Why doesn't TypeScript infer the most narrow type declaration?

Question

Why doesn't TypeScript emit "a" | "b" for the type of test2? My IDE's IntelliSense correctly infers that test2 is of type of "a" | "b", but the emitted type declaration is just "string".

// index.ts
export const test1 = true ? ('a' as const) : ('b' as const);
export const test2 = true ? 'a' : 'b';

// index.d.ts
export declare const test1: "a" | "b";
export declare const test2: string;

// tsconfig.json
{
  "compilerOptions": {
    "composite": true,
    "emitDeclarationOnly": true,
  }
}

StackBlitz Link

Answer 1

Using type and typeof tp debug it:

export const test1 = true ? ('a' as const) : ('b' as const);
type T1 = typeof test1; // 'a' | 'b'
export const test2 = true ? 'a' : 'b';
type T2 = typeof test2; // 'a' | 'b'

In both cases, the type is 'a' | 'b'. Is TypeScript ignoring true ? in the conditional expression. It is simply inferring the type In both sides of the expression 'a' : 'b'.

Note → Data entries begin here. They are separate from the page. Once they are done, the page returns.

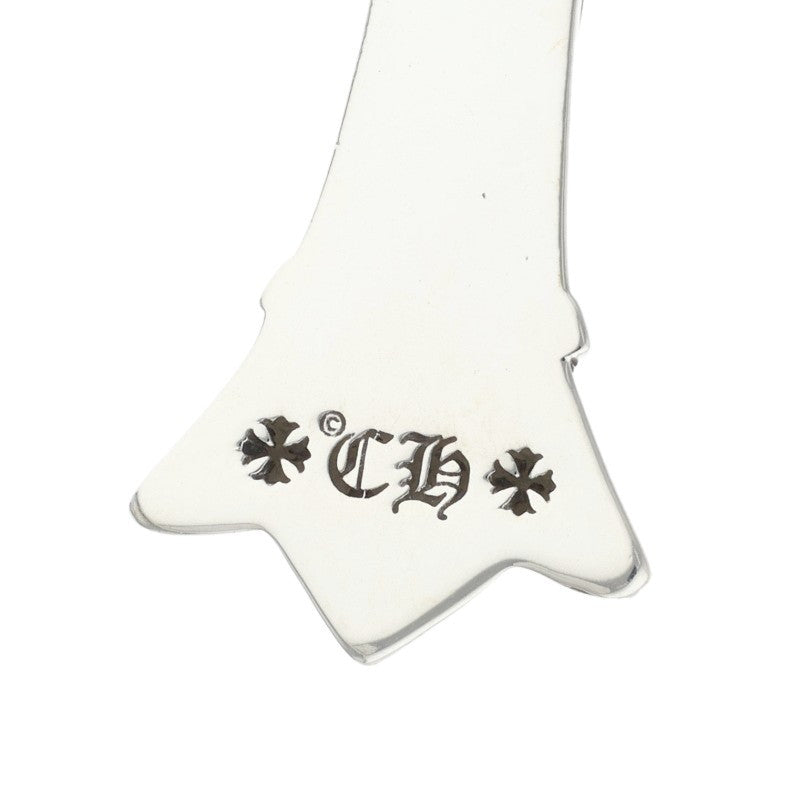 Chrome Hearts Small Double CH Cross Pendant Size ONE Silver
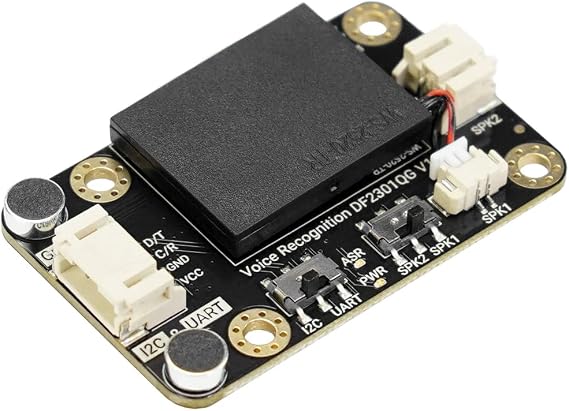 Gravity: Offline Language Learning Voice Recognition Sensor for Micro:bit/Arduino / ESP32 - I2C & UART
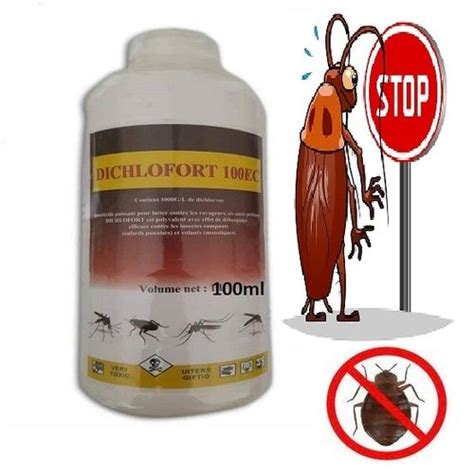 Dichlofort Insecticide Pour Punaise De Lit Insecte Cafards 100ml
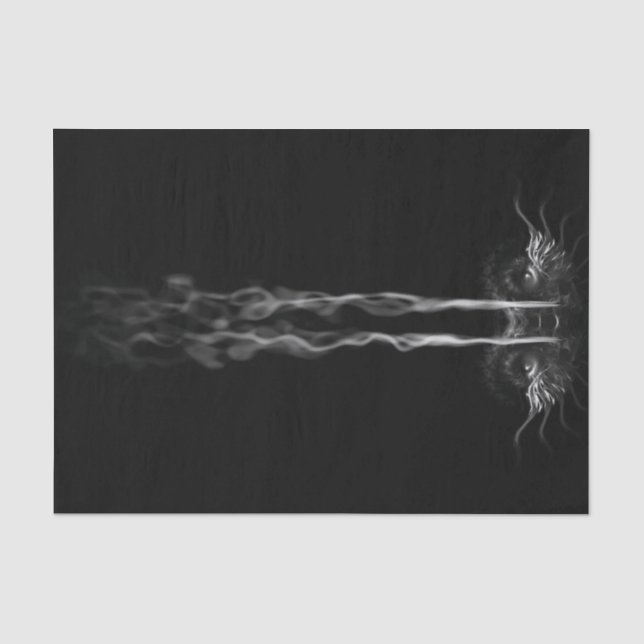 Dragon Smoke Black Tissue Paper (Front)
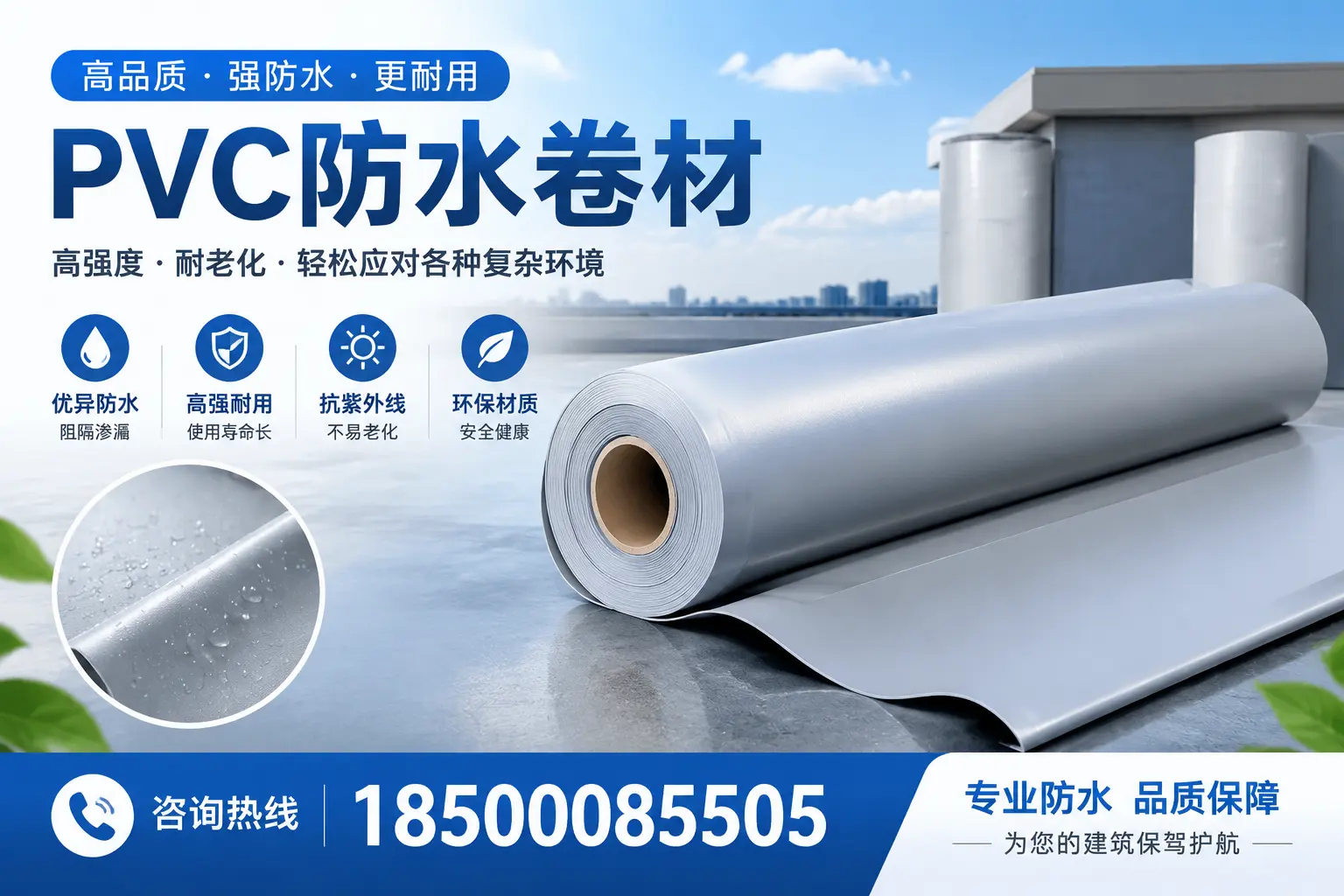 如何评估PVC防水卷材的质量，海北消费者必读指南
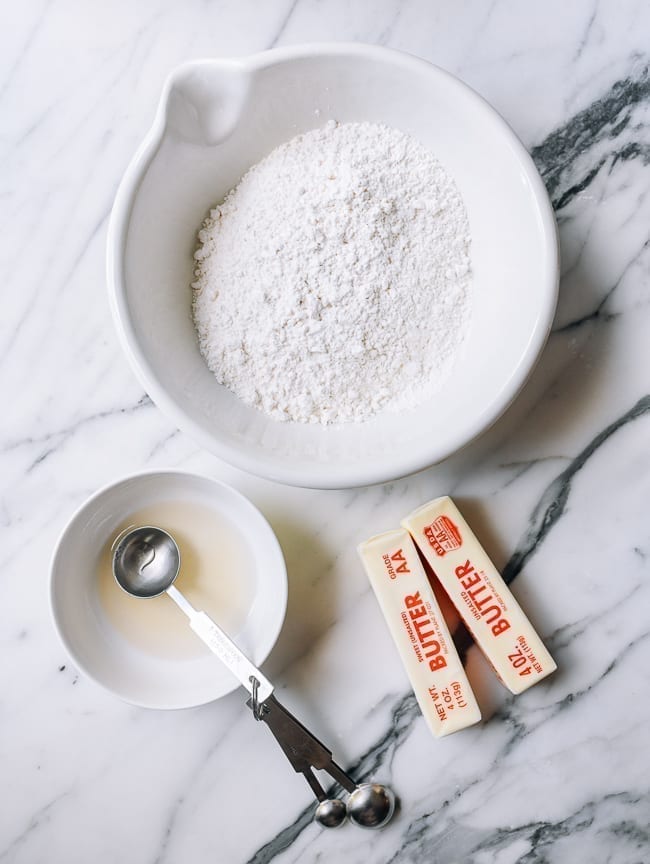 Water, salt, and sugar solution, flour, and butter, cwww5.fioekdjsdas.cf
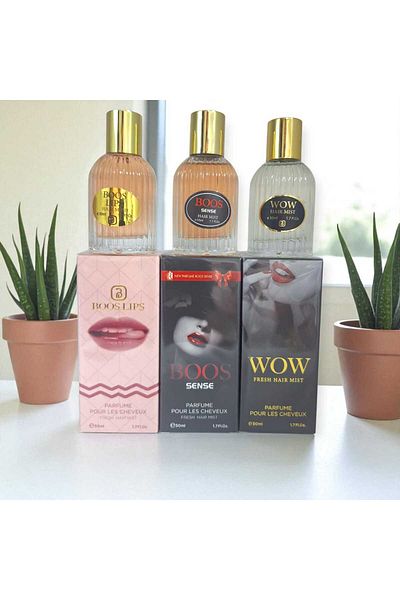 BOSS Boss Lips Wow Boss Sense Hair Mist Pack 3 150ml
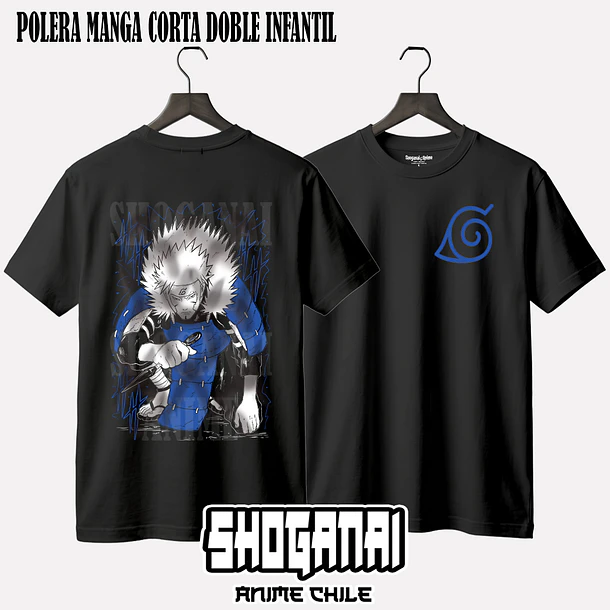NAR23 Tobirama Senju - NARUTO - INFANTIL (Polera o Polerón) 2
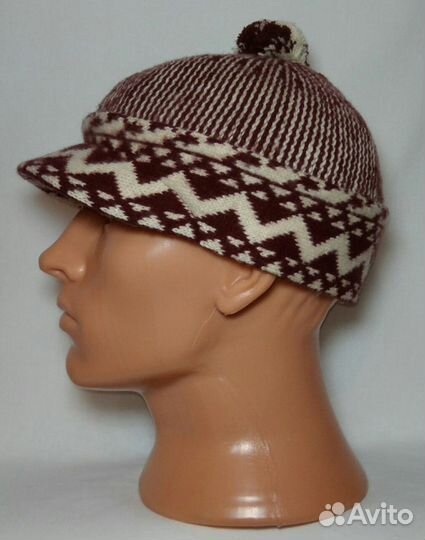 Зимняя Шапка ретро 80х 90х Чехия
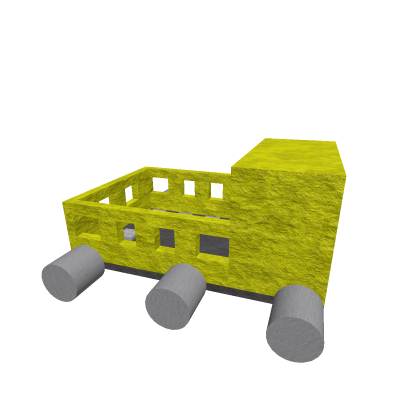 Yellow Rash Army Truck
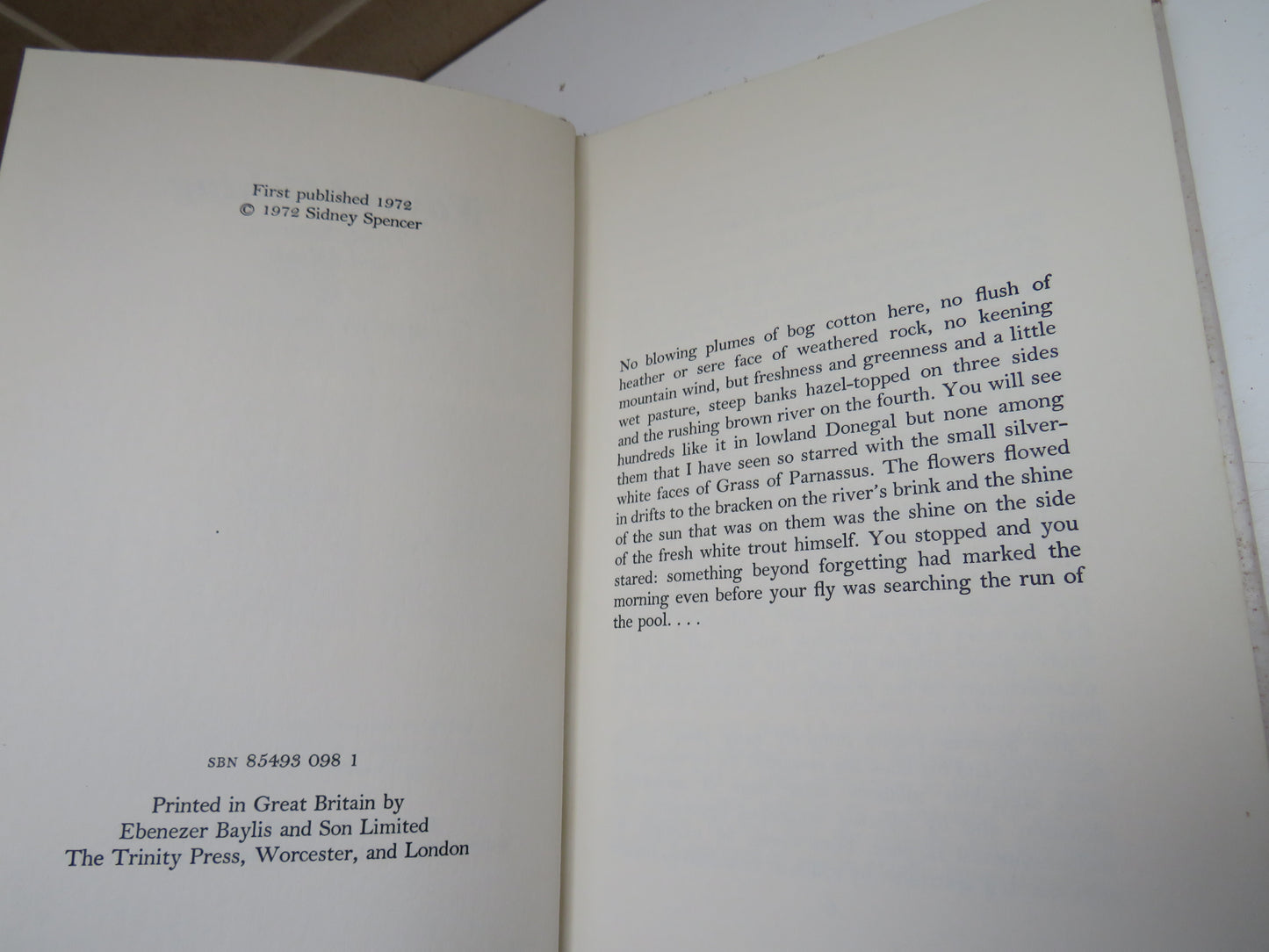 Ways of Fishing Trout, Seatrout and Salmon By Sidney Spencer 1972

Because string is compatible with "a" | "b" and you don't use as const, TypeScript will use string. This is done to prevent compatibility issues with libraries. This is not obvious in your example. but take a look at how it works when you use objects:

export const test1 = {
    a: 'a',
    b: 'b'
};

type T1 = typeof test1; // { a: string, b: string } 


export const test2 = {
    a: 'a',
    b: 'b'
} as const;

type T2 = typeof test2; // { a: 'a', b: 'b' } 

It is the same, but as you can imagine, using 'a' | 'b' in object values instead of string by default could lead to many issues in existing libraries; this is why unless you use as const, TypeScript will go for string.